The computational demands of modern-day simulation software needed across a range of diverse scientific disciplines lead many programmers to choose to write their code in an object-oriented language such as C++.
This easy-to-read textbook/reference presents an essential guide to object-oriented C++ programming for scientific computing. With a practical focus on learning by example, the theory is supported by numerous exercises. Features of both the C++ language and standard libraries are highlighted via the development of classes of vectors and matrices, allowing demonstration of key concepts such as inheritance, encapsulation, operator overloading, templates, and exception handling. The text then explains how these classes can be adapted for parallel computing, before demonstrating how a flexible, extensible library can be written for the numerical solution of differential equations.

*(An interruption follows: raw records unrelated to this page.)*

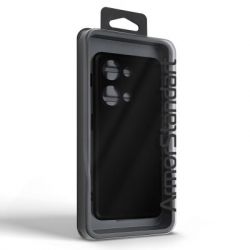     Armorstandart Matte Slim Fit OnePlus Nord 3 5G (CPH2493) Camera cover Black (ARM74022) -  5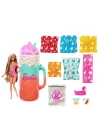 ÇOK SATAN HRK57 Barbie Pop Reveal Sürprizli Bardak Oyun Seti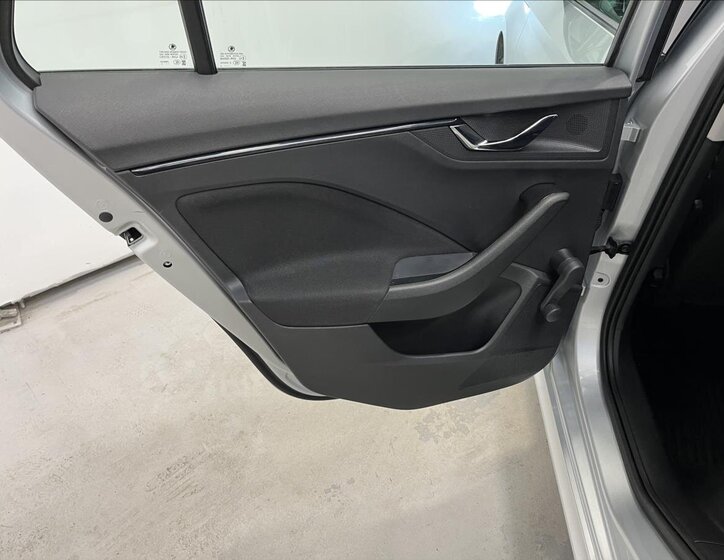 Škoda Kamiq SUV / Terénní 999,0 81 kw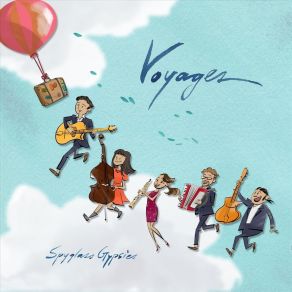 Download track Waltz For Celeste Spyglass Gypsies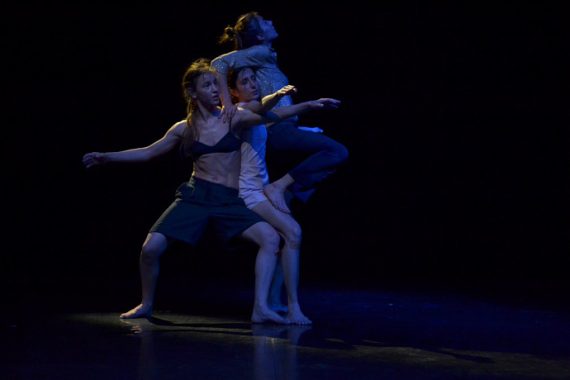 Il debutto di Astronomia (photo: Nexus)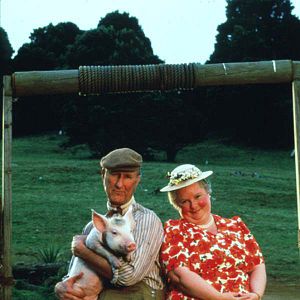 Bilder Magda Szubanski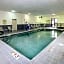 Hampton Inn By Hilton Cincinnati-Eastgate
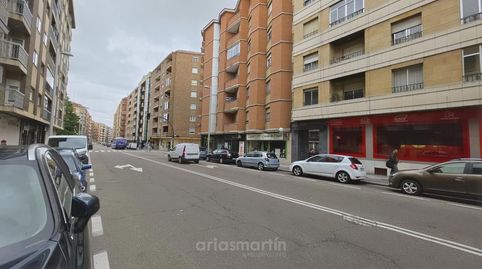 Photo 5 of Flat for rent in De Portugal, Vidal, Salamanca Capital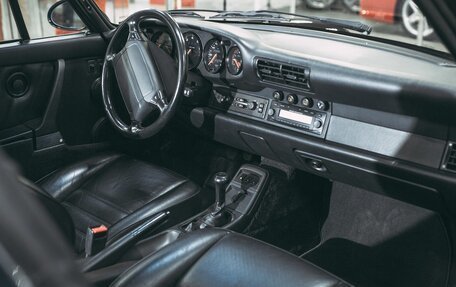 Porsche 911, 1992 год, 13 800 000 рублей, 4 фотография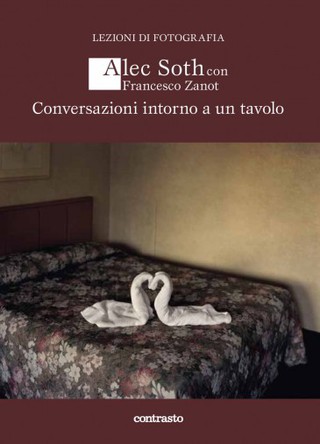 Alec Soth, Francesco Zanot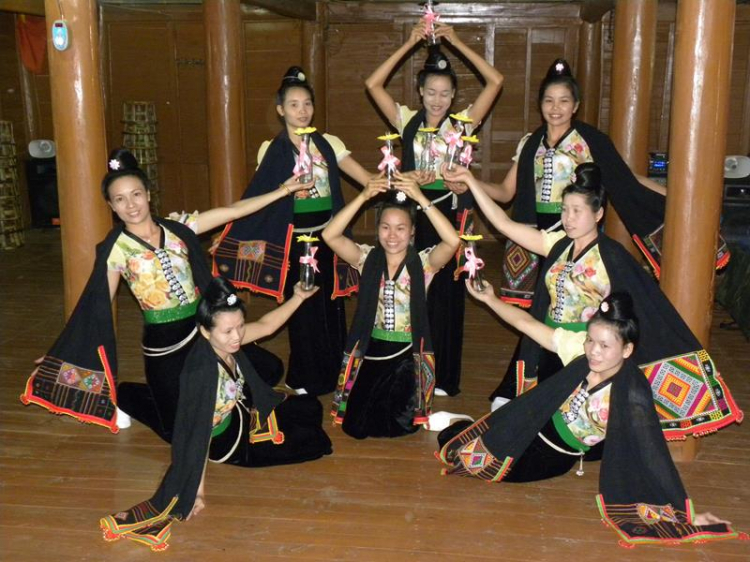 Xuyên Việt 30 Ngày - Hè 2013!
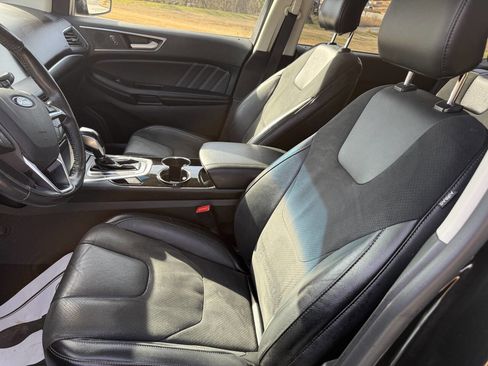Used 2015 Ford Edge Sport w/ Equipment Group 401A image 15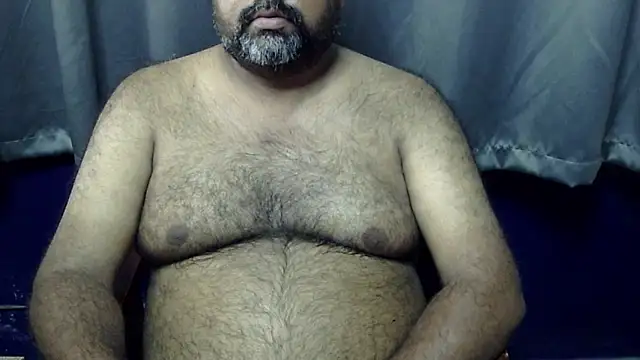 hairysubcub 70 online show from July 2026 06:36:02 AM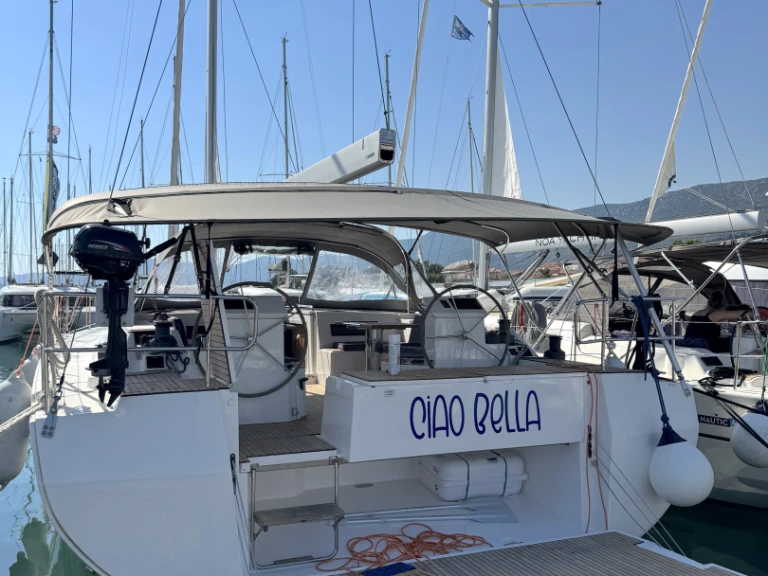 Bootverhuur Kaštela goedkoop Bavaria C50 Holiday - 5 cab.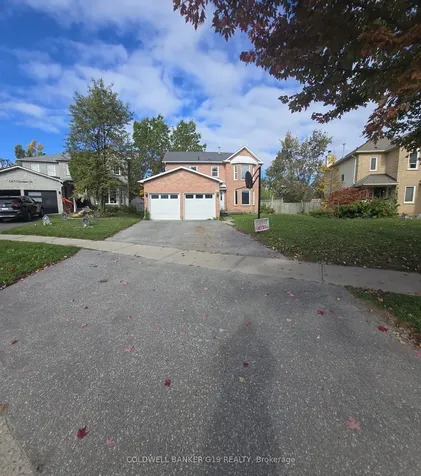 145 Cardinal Street Barrie ON L4M 6G2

Topics and features: provides a specific focus on the application of C++ to scientific computing, including parallel computing using MPI; stresses the importance of a clear programming style to minimize the introduction of errors into code; presents a practical introduction to procedural programming in C++, covering variables, flow of control, input and output, pointers, functions, and reference variables; exhibits the efficacy of classes, highlighting the main features of object-orientation; examines more advanced C++ features, such as templates and exceptions; supplies useful tips and examples throughout the text, together with chapter-ending exercises, and code available to download from www.springer.com.
This clearly written textbook is a "must-read" for programmers of all levels of expertise. Basic familiarity with concepts such as operations between vectors and matrices, and the Newton-Raphson method for finding the roots of non-linear equations, would be an advantage, but extensive knowledge of the underlying mathematics is not assumed.